Loss Functions¶

TorchTrade provides specialized loss functions for training RL trading agents, built on TorchRL's LossModule interface.

Available Loss Functions¶

Loss Function	Type	Use Case
DGLoss	Policy Gradient	Delight-gated updates — no importance sampling needed
GRPOLoss	Policy Gradient	One-step RL with SLTP environments
CTRLLoss	Representation Learning	Self-supervised encoder training
CTRLPPOLoss	Combined	Joint policy + representation learning

For standard multi-step RL (PPO, DQN, SAC, IQL), use TorchRL's built-in loss modules directly.

DGLoss¶

Delightful Policy Gradient — gates each update by \(\sigma(\text{delight} / \eta)\), where \(\text{delight} = \text{advantage} \times \text{surprisal}\). This suppresses rare failures and amplifies rare successes without requiring importance sampling (no old log-probs needed).

\[ \begin{aligned} \text{surprisal} &= -\log \pi(a|s) \\ \text{advantage} &= r - b \\ \text{delight} &= \text{advantage} \times \text{surprisal} \\ \text{gate} &= \sigma(\text{delight} / \eta) \\ \mathcal{L} &= -\mathbb{E}\left[\log \pi(a|s) \cdot \text{sg}(\text{gate} \cdot \text{advantage})\right] \end{aligned} \]
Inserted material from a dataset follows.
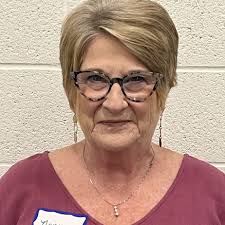 St. Pius X Catholic Parish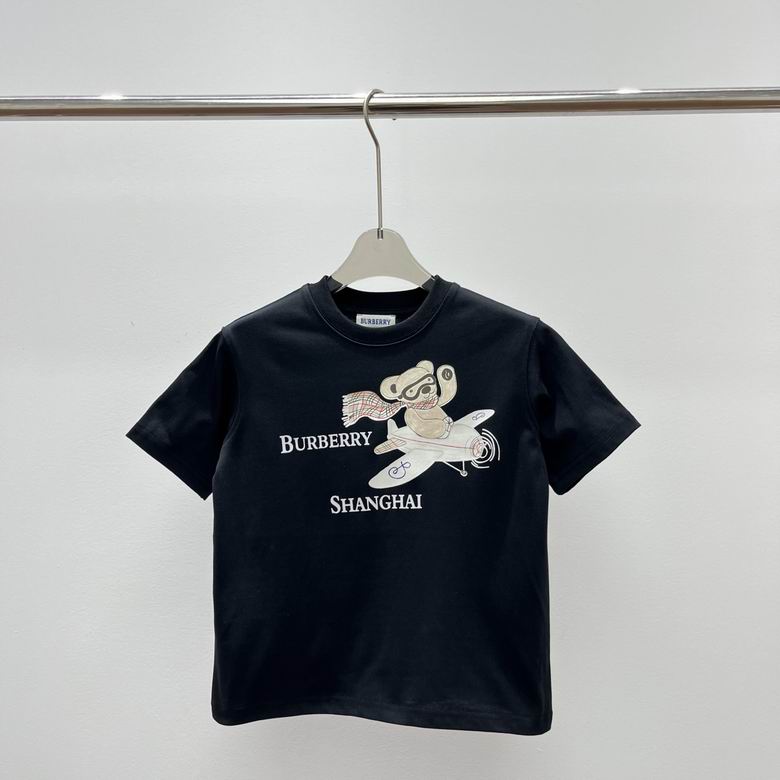Burberry sz100-160 225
Key difference from PPO/GRPO: DG uses only the current policy's log-probabilities. No importance ratios, no behavior probabilities. This makes it simpler and naturally robust to stale or off-policy data.

Why DG for trading?¶

Trading rewards are heavy-tailed: most trades produce small P&L, but a few outliers (flash crashes, breakouts) dominate the gradient. Standard PG and GRPO weight updates purely by advantage magnitude, so one catastrophic trade can overwhelm training even when the policy assigned near-zero probability to that action.

The delight gate fixes this. A large loss on an unlikely action produces negative delight, pushing the gate toward 0 and shrinking its gradient contribution. Conversely, an unexpected win produces positive delight, pushing the gate toward 1 so the policy learns faster from it. The net effect: black-swan losses don't destabilize training, and rare profitable signals get amplified.
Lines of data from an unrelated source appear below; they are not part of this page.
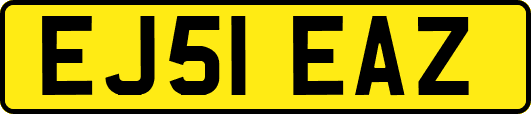 EJ51EAZ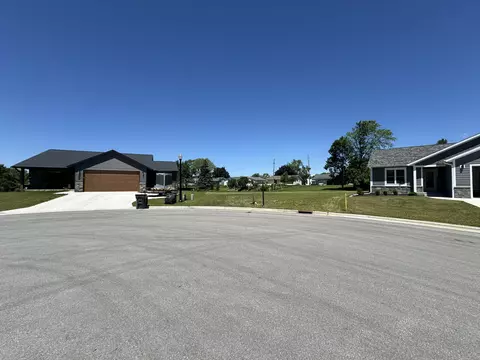 Lt6 Norgaard, Sheboygan Falls, WI 53085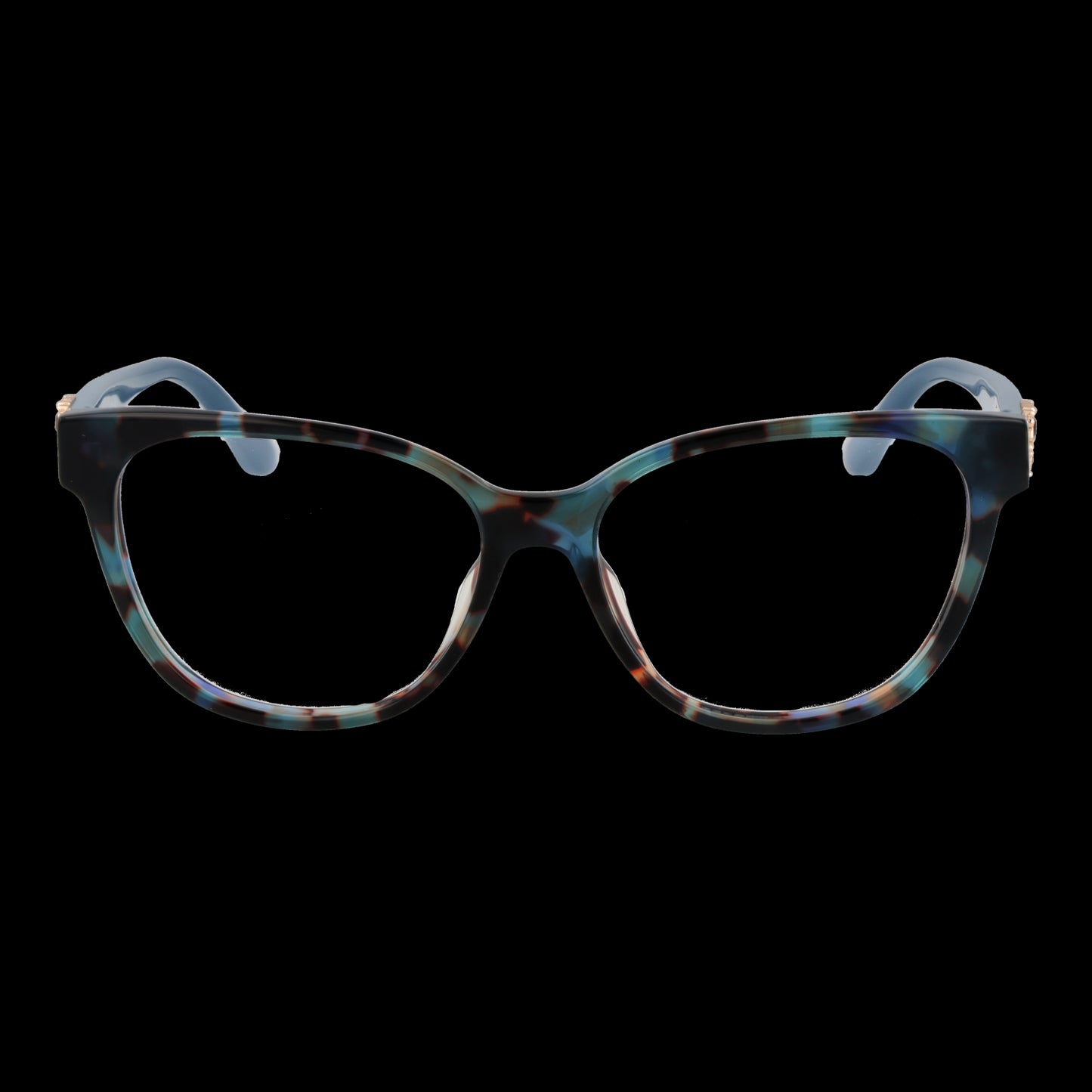 GUESS MOD. GU2855-S 54092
DG also drops the importance sampling machinery that GRPO needs. GRPO requires old log-probs (sample_log_prob) to compute policy ratios, which means storing behavior policy state and dealing with ratio clipping when data gets stale. DG only needs the current policy's log-probs, so it works cleanly with replay buffers, asynchronous collection, and distributed setups where the collecting policy drifts from the learner.

When to use DG vs GRPO:

Scenario	Recommendation
One-step SLTP with fresh on-policy batches	Either works; GRPO is well-tested
Sequential environments (multi-step episodes)	DG, no need to track old log-probs across steps
Replay buffer / offline data	DG, no importance sampling artifacts
Distributed collection with stale actors	DG, designed for this (see arXiv:2603.20521)
Heavy-tailed reward distributions	DG, gate suppresses outlier-driven gradient noise

Parameter	Default	Description
`actor_network`	Required	Policy network (ProbabilisticTensorDictSequential)
`eta`	1.0	Sigmoid gate temperature (lower = sharper gating)
`baseline`	`"mean"`	Baseline type: `"mean"` or `"none"`
`entropy_bonus`	True	Whether to add entropy regularization
`entropy_coeff`	0.01	Entropy regularization coefficient

from torchtrade.losses import DGLoss

loss_module = DGLoss(actor_network=actor, eta=1.0, baseline="mean")

for batch in collector:
    loss_td = loss_module(batch)
    loss = loss_td["loss_objective"] + loss_td["loss_entropy"]
    loss.backward()
    optimizer.step()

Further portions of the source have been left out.